Data records
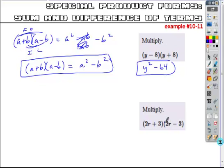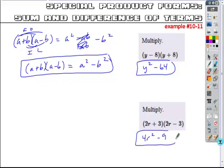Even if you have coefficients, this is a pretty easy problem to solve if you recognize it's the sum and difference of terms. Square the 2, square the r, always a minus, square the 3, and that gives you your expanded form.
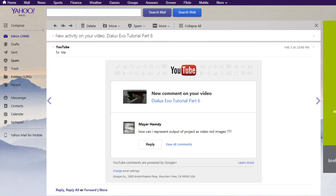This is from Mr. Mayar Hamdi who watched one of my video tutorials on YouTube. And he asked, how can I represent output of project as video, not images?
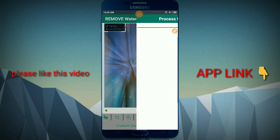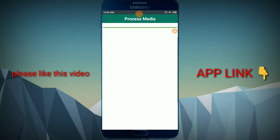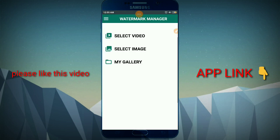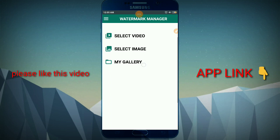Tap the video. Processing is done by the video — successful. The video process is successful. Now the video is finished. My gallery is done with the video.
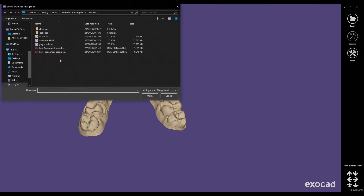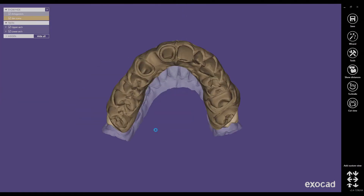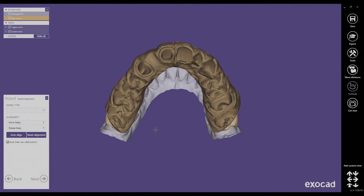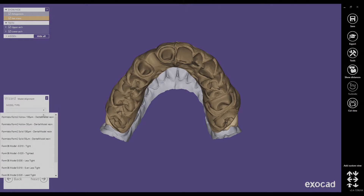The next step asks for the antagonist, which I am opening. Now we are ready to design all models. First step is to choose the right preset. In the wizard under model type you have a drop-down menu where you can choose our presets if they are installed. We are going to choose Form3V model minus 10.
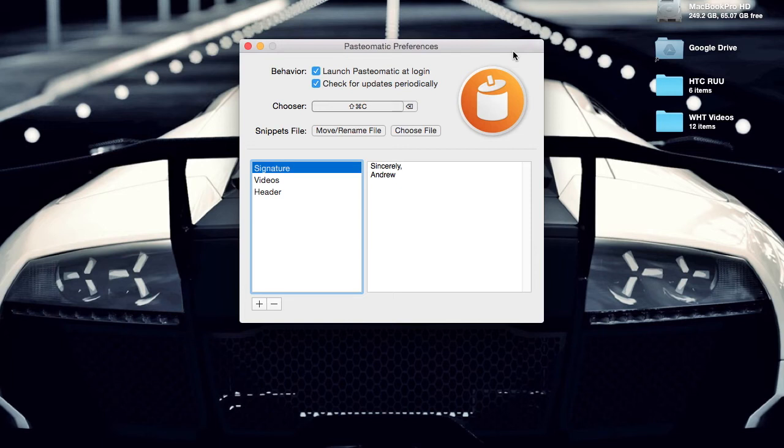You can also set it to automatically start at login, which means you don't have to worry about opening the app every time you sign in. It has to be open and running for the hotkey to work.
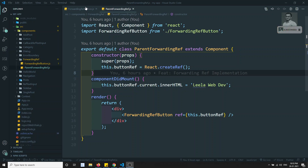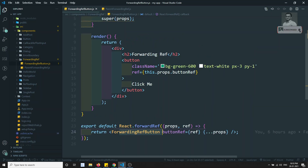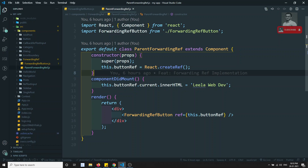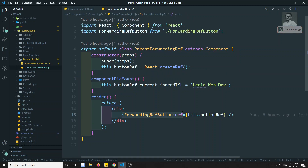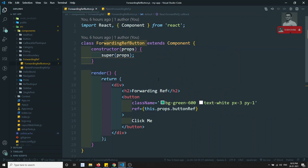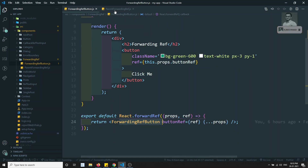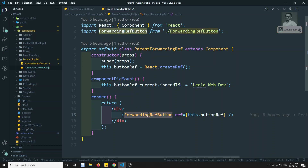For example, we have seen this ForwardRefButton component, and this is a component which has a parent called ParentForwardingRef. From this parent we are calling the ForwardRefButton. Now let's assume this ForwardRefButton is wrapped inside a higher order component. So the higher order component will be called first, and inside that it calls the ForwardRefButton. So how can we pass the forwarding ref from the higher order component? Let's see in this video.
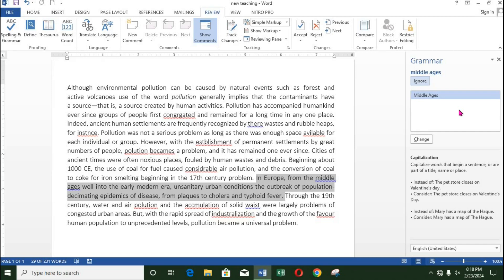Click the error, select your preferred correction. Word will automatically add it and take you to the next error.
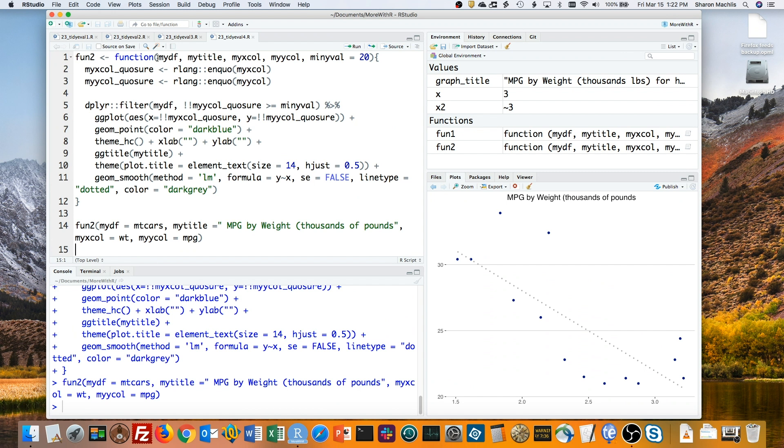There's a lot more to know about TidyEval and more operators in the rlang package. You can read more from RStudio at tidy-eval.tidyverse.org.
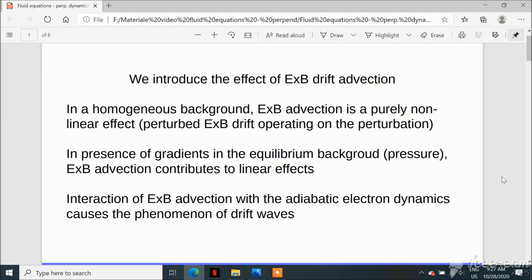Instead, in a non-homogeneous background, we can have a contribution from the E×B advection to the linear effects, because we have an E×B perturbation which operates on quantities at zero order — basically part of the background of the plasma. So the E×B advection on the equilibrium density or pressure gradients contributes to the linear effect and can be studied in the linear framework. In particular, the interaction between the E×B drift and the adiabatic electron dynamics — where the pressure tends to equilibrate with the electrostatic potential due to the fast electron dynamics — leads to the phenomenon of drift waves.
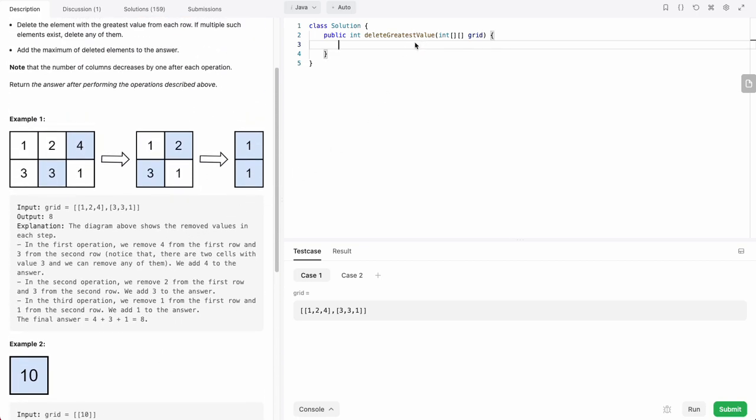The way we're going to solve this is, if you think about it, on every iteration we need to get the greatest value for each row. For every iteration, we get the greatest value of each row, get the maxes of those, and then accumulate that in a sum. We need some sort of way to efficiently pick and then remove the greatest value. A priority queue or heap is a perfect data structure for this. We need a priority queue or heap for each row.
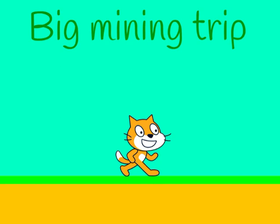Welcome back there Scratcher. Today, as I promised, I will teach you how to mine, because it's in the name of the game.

**Task goal**
Repeat exactly the lines above, from the line that contains "Click the error, select" down through the line that contains "There's a lot". Include both of those lines and none of the pictures.

**Result**
Click the error, select your preferred correction. Word will automatically add it and take you to the next error.
There's a lot more to know about TidyEval and more operators in the rlang package. You can read more from RStudio at tidy-eval.tidyverse.org.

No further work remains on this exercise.